EXERCISE DIRECTIONS:
Repeat all of the data exactly. Leave nothing out.
◆ ◆ ◆ ◆
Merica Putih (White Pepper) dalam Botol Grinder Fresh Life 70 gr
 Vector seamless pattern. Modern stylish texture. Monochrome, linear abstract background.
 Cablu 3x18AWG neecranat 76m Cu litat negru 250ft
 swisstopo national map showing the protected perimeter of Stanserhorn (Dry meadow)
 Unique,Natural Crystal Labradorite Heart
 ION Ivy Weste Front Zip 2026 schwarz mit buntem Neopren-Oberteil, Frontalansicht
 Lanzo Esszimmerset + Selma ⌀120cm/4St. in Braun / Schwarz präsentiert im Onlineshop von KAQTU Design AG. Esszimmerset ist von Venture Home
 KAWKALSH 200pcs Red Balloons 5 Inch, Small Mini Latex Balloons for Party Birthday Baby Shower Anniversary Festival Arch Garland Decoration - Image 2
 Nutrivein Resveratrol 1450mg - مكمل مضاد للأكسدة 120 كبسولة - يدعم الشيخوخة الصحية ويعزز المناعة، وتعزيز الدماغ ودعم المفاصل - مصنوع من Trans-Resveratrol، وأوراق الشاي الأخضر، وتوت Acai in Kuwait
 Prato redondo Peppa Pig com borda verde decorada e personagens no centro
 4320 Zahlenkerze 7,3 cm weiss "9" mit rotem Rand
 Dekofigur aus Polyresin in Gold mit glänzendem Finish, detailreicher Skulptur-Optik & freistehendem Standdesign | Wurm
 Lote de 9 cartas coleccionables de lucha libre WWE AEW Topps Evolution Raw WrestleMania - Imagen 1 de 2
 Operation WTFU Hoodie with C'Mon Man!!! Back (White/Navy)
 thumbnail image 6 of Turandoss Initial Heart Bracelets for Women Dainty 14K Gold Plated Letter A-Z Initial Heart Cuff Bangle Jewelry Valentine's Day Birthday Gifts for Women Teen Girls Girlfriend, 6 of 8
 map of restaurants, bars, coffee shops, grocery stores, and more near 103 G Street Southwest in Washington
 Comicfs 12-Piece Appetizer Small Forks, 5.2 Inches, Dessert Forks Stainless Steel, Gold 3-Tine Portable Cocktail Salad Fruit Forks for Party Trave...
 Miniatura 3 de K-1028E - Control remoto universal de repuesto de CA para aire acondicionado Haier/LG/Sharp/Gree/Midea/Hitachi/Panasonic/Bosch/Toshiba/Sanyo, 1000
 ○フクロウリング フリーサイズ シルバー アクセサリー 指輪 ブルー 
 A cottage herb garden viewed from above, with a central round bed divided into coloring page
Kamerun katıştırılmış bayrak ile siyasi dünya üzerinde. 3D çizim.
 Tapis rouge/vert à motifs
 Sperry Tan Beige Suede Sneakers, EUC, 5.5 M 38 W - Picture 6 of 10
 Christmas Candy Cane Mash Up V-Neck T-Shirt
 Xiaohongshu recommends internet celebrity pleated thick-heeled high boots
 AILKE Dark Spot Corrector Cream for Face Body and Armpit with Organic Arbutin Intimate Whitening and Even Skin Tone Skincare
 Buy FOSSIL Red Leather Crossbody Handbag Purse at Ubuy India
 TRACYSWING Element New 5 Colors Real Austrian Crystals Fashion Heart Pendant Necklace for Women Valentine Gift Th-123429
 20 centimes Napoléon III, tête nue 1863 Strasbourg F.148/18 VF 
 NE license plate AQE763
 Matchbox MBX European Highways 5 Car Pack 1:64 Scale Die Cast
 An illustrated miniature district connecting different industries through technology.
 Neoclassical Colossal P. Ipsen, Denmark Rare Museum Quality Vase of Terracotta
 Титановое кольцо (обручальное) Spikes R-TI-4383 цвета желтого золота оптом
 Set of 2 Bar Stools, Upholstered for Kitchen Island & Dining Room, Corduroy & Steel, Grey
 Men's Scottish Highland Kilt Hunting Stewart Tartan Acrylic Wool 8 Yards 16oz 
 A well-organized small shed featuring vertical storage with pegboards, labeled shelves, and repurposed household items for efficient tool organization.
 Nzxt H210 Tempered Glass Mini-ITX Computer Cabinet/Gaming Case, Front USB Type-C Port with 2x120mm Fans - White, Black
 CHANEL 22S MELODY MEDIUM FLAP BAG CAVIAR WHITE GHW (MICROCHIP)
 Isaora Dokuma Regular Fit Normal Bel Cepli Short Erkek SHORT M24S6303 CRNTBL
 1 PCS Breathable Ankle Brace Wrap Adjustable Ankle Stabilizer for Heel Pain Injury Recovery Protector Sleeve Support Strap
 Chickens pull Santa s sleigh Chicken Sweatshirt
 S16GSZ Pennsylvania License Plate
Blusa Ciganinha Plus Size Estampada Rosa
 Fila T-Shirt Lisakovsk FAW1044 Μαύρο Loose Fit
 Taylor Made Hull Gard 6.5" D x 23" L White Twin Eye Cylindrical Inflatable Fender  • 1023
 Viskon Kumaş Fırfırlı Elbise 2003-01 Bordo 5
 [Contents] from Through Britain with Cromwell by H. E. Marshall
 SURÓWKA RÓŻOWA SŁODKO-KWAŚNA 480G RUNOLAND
◆ ◆ ◆ ◆
TASK SOLUTION:
Merica Putih (White Pepper) dalam Botol Grinder Fresh Life 70 gr
 Vector seamless pattern. Modern stylish texture. Monochrome, linear abstract background.
 Cablu 3x18AWG neecranat 76m Cu litat negru 250ft
 swisstopo national map showing the protected perimeter of Stanserhorn (Dry meadow)
 Unique,Natural Crystal Labradorite Heart
 ION Ivy Weste Front Zip 2026 schwarz mit buntem Neopren-Oberteil, Frontalansicht
 Lanzo Esszimmerset + Selma ⌀120cm/4St. in Braun / Schwarz präsentiert im Onlineshop von KAQTU Design AG. Esszimmerset ist von Venture Home
 KAWKALSH 200pcs Red Balloons 5 Inch, Small Mini Latex Balloons for Party Birthday Baby Shower Anniversary Festival Arch Garland Decoration - Image 2
 Nutrivein Resveratrol 1450mg - مكمل مضاد للأكسدة 120 كبسولة - يدعم الشيخوخة الصحية ويعزز المناعة، وتعزيز الدماغ ودعم المفاصل - مصنوع من Trans-Resveratrol، وأوراق الشاي الأخضر، وتوت Acai in Kuwait
 Prato redondo Peppa Pig com borda verde decorada e personagens no centro
 4320 Zahlenkerze 7,3 cm weiss "9" mit rotem Rand
 Dekofigur aus Polyresin in Gold mit glänzendem Finish, detailreicher Skulptur-Optik & freistehendem Standdesign | Wurm
 Lote de 9 cartas coleccionables de lucha libre WWE AEW Topps Evolution Raw WrestleMania - Imagen 1 de 2
 Operation WTFU Hoodie with C'Mon Man!!! Back (White/Navy)
 thumbnail image 6 of Turandoss Initial Heart Bracelets for Women Dainty 14K Gold Plated Letter A-Z Initial Heart Cuff Bangle Jewelry Valentine's Day Birthday Gifts for Women Teen Girls Girlfriend, 6 of 8
 map of restaurants, bars, coffee shops, grocery stores, and more near 103 G Street Southwest in Washington
 Comicfs 12-Piece Appetizer Small Forks, 5.2 Inches, Dessert Forks Stainless Steel, Gold 3-Tine Portable Cocktail Salad Fruit Forks for Party Trave...
 Miniatura 3 de K-1028E - Control remoto universal de repuesto de CA para aire acondicionado Haier/LG/Sharp/Gree/Midea/Hitachi/Panasonic/Bosch/Toshiba/Sanyo, 1000
 ○フクロウリング フリーサイズ シルバー アクセサリー 指輪 ブルー 
 A cottage herb garden viewed from above, with a central round bed divided into coloring page
Kamerun katıştırılmış bayrak ile siyasi dünya üzerinde. 3D çizim.
 Tapis rouge/vert à motifs
 Sperry Tan Beige Suede Sneakers, EUC, 5.5 M 38 W - Picture 6 of 10
 Christmas Candy Cane Mash Up V-Neck T-Shirt
 Xiaohongshu recommends internet celebrity pleated thick-heeled high boots
 AILKE Dark Spot Corrector Cream for Face Body and Armpit with Organic Arbutin Intimate Whitening and Even Skin Tone Skincare
 Buy FOSSIL Red Leather Crossbody Handbag Purse at Ubuy India
 TRACYSWING Element New 5 Colors Real Austrian Crystals Fashion Heart Pendant Necklace for Women Valentine Gift Th-123429
 20 centimes Napoléon III, tête nue 1863 Strasbourg F.148/18 VF 
 NE license plate AQE763
 Matchbox MBX European Highways 5 Car Pack 1:64 Scale Die Cast
 An illustrated miniature district connecting different industries through technology.
 Neoclassical Colossal P. Ipsen, Denmark Rare Museum Quality Vase of Terracotta
 Титановое кольцо (обручальное) Spikes R-TI-4383 цвета желтого золота оптом
 Set of 2 Bar Stools, Upholstered for Kitchen Island & Dining Room, Corduroy & Steel, Grey
 Men's Scottish Highland Kilt Hunting Stewart Tartan Acrylic Wool 8 Yards 16oz 
 A well-organized small shed featuring vertical storage with pegboards, labeled shelves, and repurposed household items for efficient tool organization.
 Nzxt H210 Tempered Glass Mini-ITX Computer Cabinet/Gaming Case, Front USB Type-C Port with 2x120mm Fans - White, Black
 CHANEL 22S MELODY MEDIUM FLAP BAG CAVIAR WHITE GHW (MICROCHIP)
 Isaora Dokuma Regular Fit Normal Bel Cepli Short Erkek SHORT M24S6303 CRNTBL
 1 PCS Breathable Ankle Brace Wrap Adjustable Ankle Stabilizer for Heel Pain Injury Recovery Protector Sleeve Support Strap
 Chickens pull Santa s sleigh Chicken Sweatshirt
 S16GSZ Pennsylvania License Plate
Blusa Ciganinha Plus Size Estampada Rosa
 Fila T-Shirt Lisakovsk FAW1044 Μαύρο Loose Fit
 Taylor Made Hull Gard 6.5" D x 23" L White Twin Eye Cylindrical Inflatable Fender  • 1023
 Viskon Kumaş Fırfırlı Elbise 2003-01 Bordo 5
 [Contents] from Through Britain with Cromwell by H. E. Marshall
 SURÓWKA RÓŻOWA SŁODKO-KWAŚNA 480G RUNOLAND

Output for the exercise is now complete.